Kebetulan saat itu ada tokoh masyarakat di sekitar wilayah tersebut yang siap menjadi pengepul. Sebab bila hanya sebatas memberi akses untuk memilah sampah tapi hasil pengumpulan sampah mereka tidak ada yang menampung, cukup kesulitan untuk menjualnya terlalu jauh ke wilayah lain.
Dengan begitu, sejumkah kepala keluarga yang semula mengandalkan pendapatan dengan menjadi pekerja galian c. Minimalnya punya penghasilan alternatif untuk memenuhi kebutuhan sehari-hari keluarganya.
“Ya lumayan mereka dapat untuk penghasilan sehari-hari. Dapatnya berapa, tergantung jumlah kiloan sampah daur ulang yang bisa dijual kepada pengepul,” tuturnya.
Terkait kemungkinan adanya rencana penambahan jumlah warga yang bisa diijinkan memilah sampah di TPA, Syukur mengungkapkan, hal tersebut bisa saja terjadi. Hanya saja kendalanya adalah kesiapan pengepul untuk menampungnya.
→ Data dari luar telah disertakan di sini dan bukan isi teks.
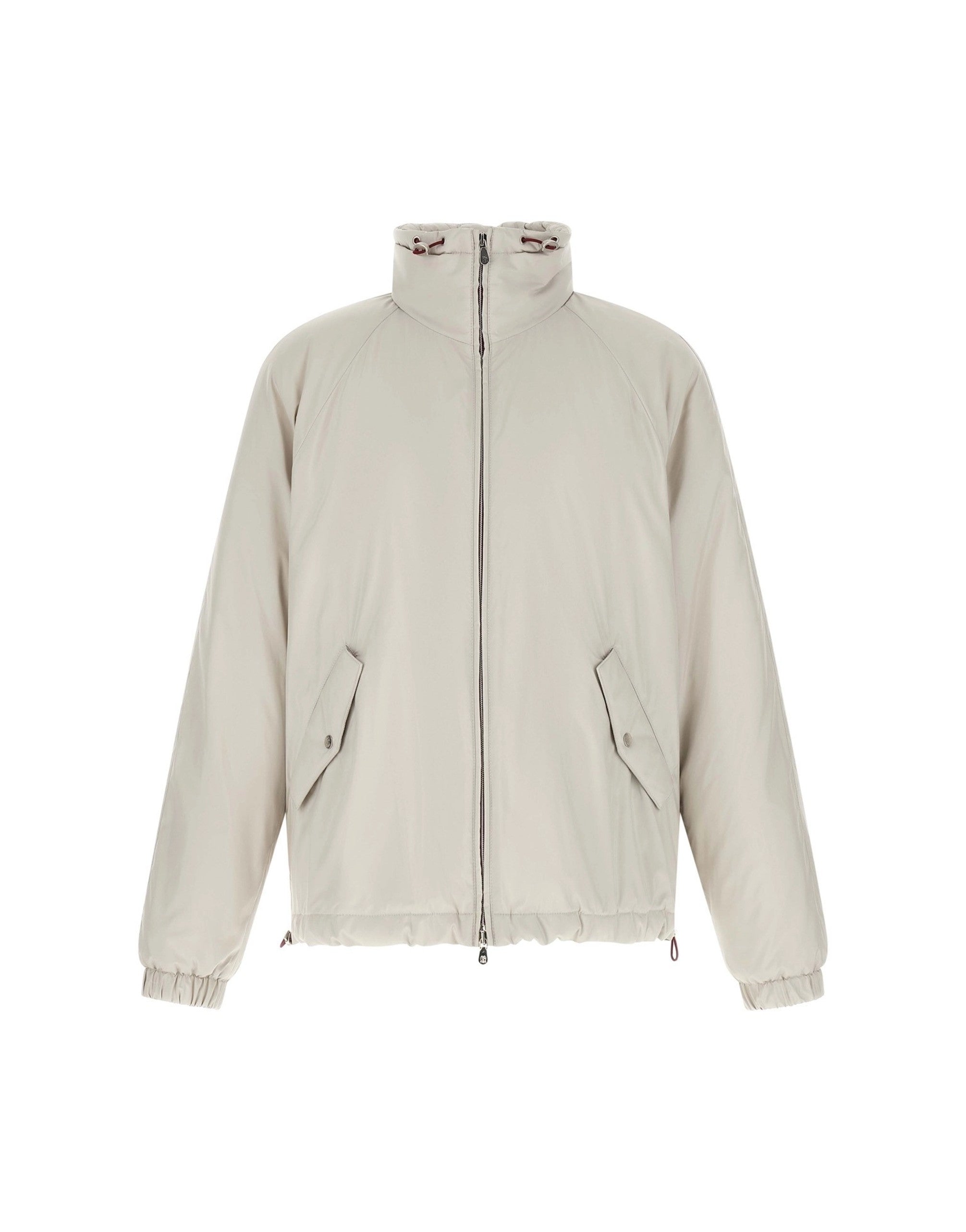 Brunello Cucinelli Lightweight Nylon Hooded Jacket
Bila lebih banyak sampah dari ulang yang bisa dikumpulkan warga tapi pengepulnya kapasitas modalnya terbatas, hal tersebut juga bukan menjadi solusi.
“Pengepulnya kalau untuk sekarang masih terbatas, ada seorang pengepul besar, namanya H Majenang. Kalau lebih banyak pengepul besar yang siap menampung sampah daur ulang yang dipilah warga, ya silahkan saja,” imbuhnya.
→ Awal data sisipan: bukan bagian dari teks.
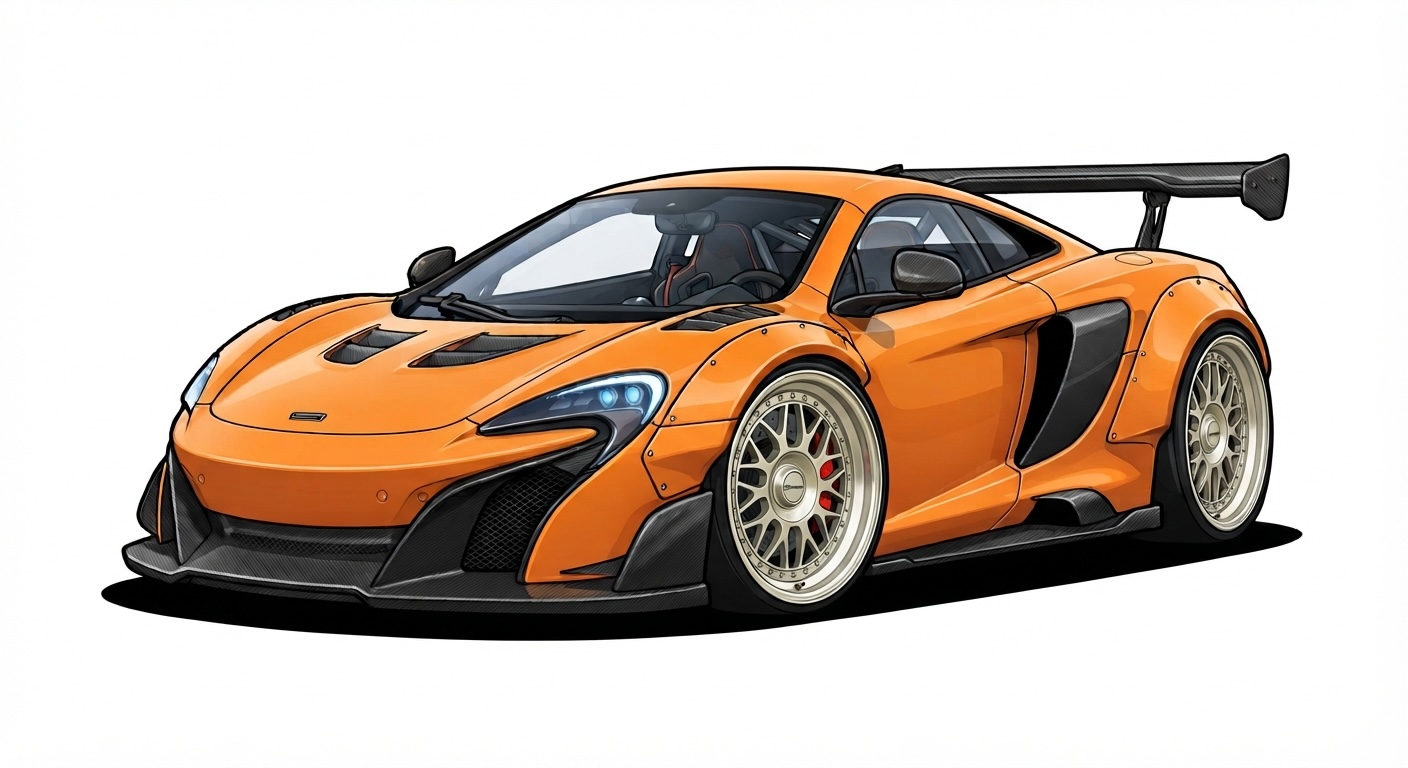 Mclaren 675LT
Berdasarkan sejumlah data yang dihimpun Radar Cirebon, sedikitnya 491.273 meter persegi luas lahan bekas penambangan pasir. Kemudian 245.785 meter persegi dalam status aktif dilakukan penambangan, terutama manual.
Dari observasi yang dilakukan, dalam setiap harinya terdapat 170 ritasi pengangkutan pasir dengan 193 warga yang menggantungkan hidup dari aktivitas galian.
Yang tidak kalah pelik adalah kepemilikan lahan galian c baik yang masih aktif maupun tidak. Terdapat sekitar 137 pemilik lahan kritis. Pemerintah tentu tidak bisa membuat perencanaan maupun penataan di lahan-lahan milik perorangan.
Mengacu ke konsep tribina, mestinya tahun ini Pemerintah Kota Cirebon sudah melakukan penyusunan aturan, insentif dan disinsentif kawasan. Dengan demikian ada kejelasan terkait penanganan lahan kritis. Juga selangkah lebih nyata dalam upaya penataan dan pemanfaatan lahan baik untuk wisata maupun keperluan lainnya.
Terkait dengan pengembangan potensi wisata di Kelurahan Argasunya, optimalisasinya tersandung banyak hal. Kepala Bidang Penanaman Modal Dinas Penanaman Modal dan Pelayanan Terpadu Satu Pintu (DPMPTSP), Hanry David mengungkapkan, Kelurahan Argasunya sesungguhnya menjadi satu dari empat kawasan potensi unggulan yang ditawarkan kepada para investor.